【宜野湾】米軍が普天間飛行場から有機フッ素化合物(PFAS=ピーファス)を含む汚染水を処理し、公共下水道へ放出した問題で、宜野湾市が放出当日に下水道から採取した水を検査したところ、PFOS(ピーフォス)とPFOA(ピーフォア)の合計(速報値)が、国の暫定指針値(1リットル当たり50ナノグラム)を上回る1リットル当たり数百ナノグラムだったことが9日、関係者への取材で分かった。市は10日に速報値を公表する予定。
米軍は放出する処理水について、国の指針値を下回る1リットル当たり2・7ナノグラムとして安全性を強調していた。市上下水道局は、米軍が処理水を放出した8月26日に、飛行場から市管理の下水道につながる地点で約2リットルの水を採取していた。
飛行場から下水道への排水は、生活排水も含まれているとみられる。市上下水道局は汚染水が放出された当日の数値と比較するため、9日に同地点で新たに水を採取した。県も8月26日に、別の地点で下水を採取し分析を進めている。
また、在沖米海兵隊は9日、県内の全海兵隊施設でPFOSとPFOAを含む泡消火剤の撤去を完了したと発表した。発表によると米軍は旧来の泡消火剤を、日本政府が認可した県外施設で処理するため搬出した。
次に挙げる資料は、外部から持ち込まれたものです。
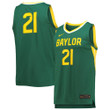 #21 Baylor Bears Nike Logo Replica Basketball Jersey - Green Ncaa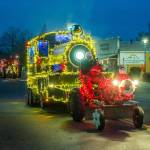 There was a large turn out for the Lighted Tractor Cruise on Saturday evening (Nov. 30) in Sequim.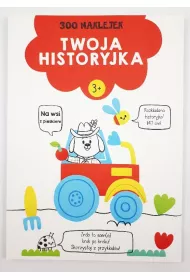 300 naklejek. Twoja historyjka 3+ (czerwona)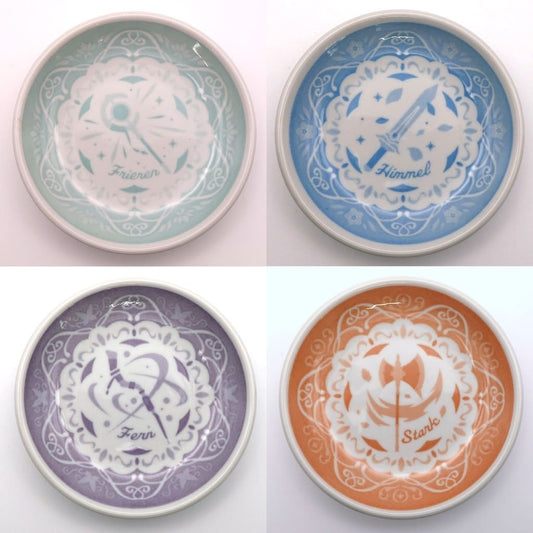 Frieren Anime Ichiban Kuji E Prize Mini Plate Complete Set of 4 - Approx. 9 cm, BANDAI SPIRITS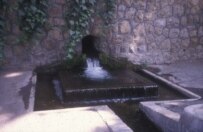 A qanat on the grounds of the Iranian National Library in Tehran (Courtesy Photo)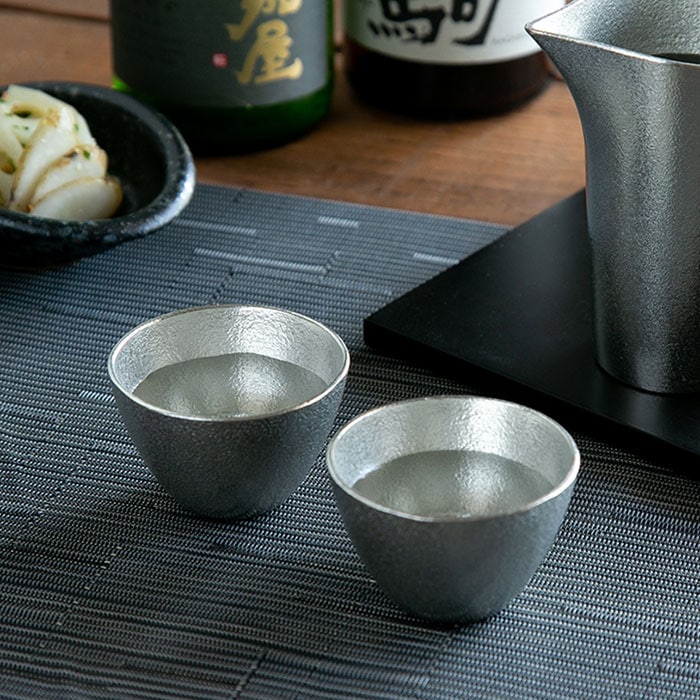 ぐい呑 2ヶセット｜錫製雑貨・酒器の通販は能作オンラインショップ【公式】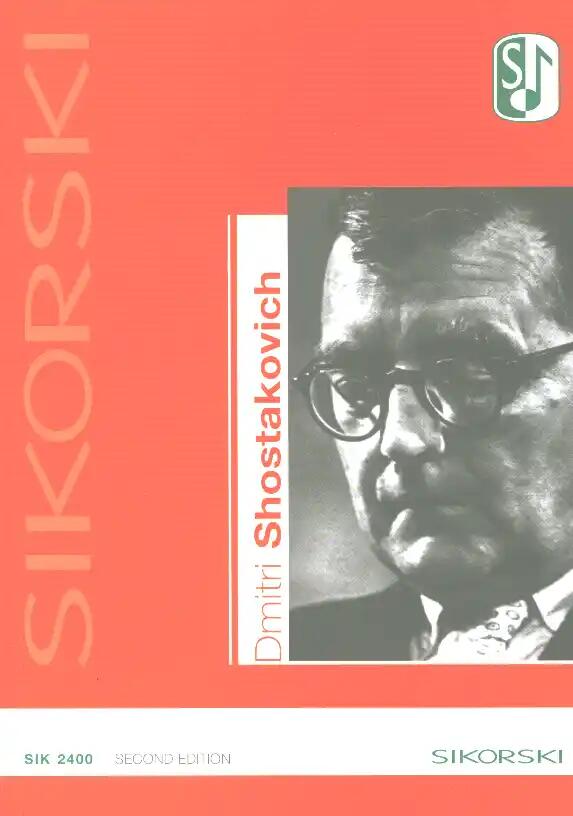 Edition Dmitri Shostakovich (Werkverzeichnis)  Dimitri Shostakovich   Recueil : photo 1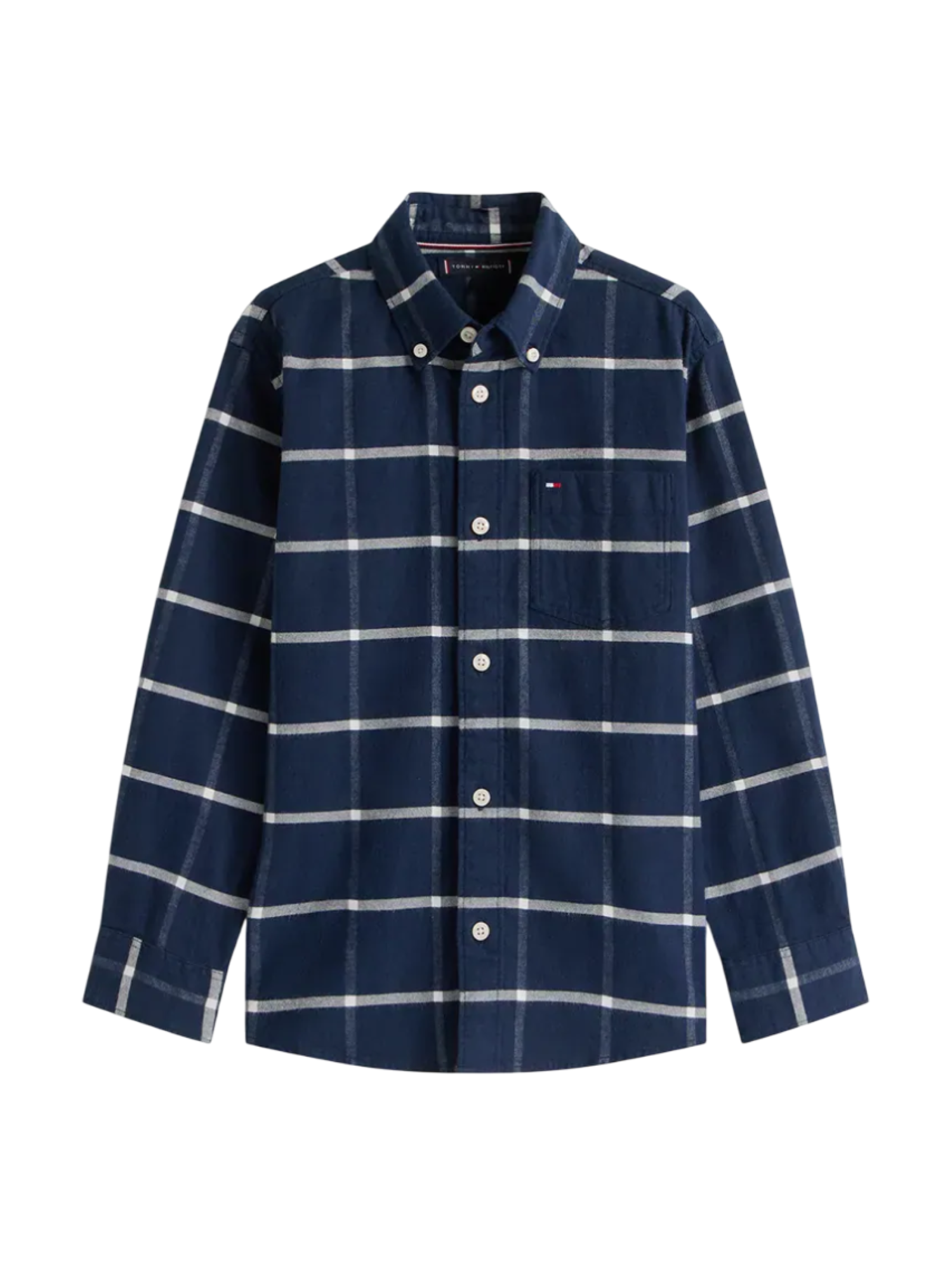 Tommy Hilfiger camicia bambino a quadri blu KB0KB10096 BDS Tommy Hilfiger 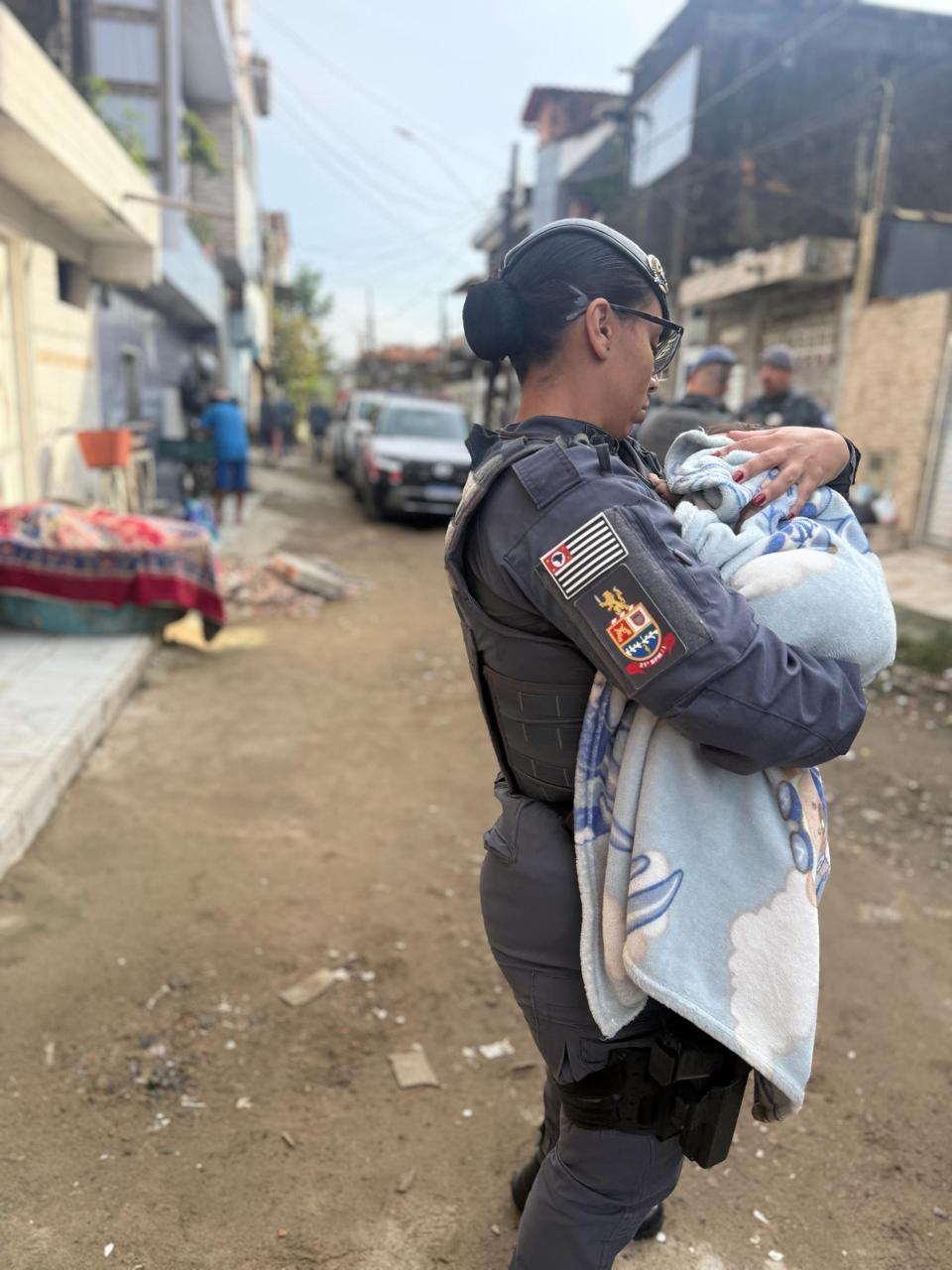 Polícia Militar encerra sequestro de bebê de 3 meses, no bairro Morrinhos III.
米軍は、新しい消火剤への置き換えで「沖縄でのPFOS、PFOAのリスクを低減させる。環境責任に対する関与の証明となる」と強調した。一方で、処分量や詳細な処分法、基地外への排水の有無などは明らかにしていない。琉球新報は汚染水の取り扱いなどを米軍へ問い合わせたが、9日夜までに回答はない。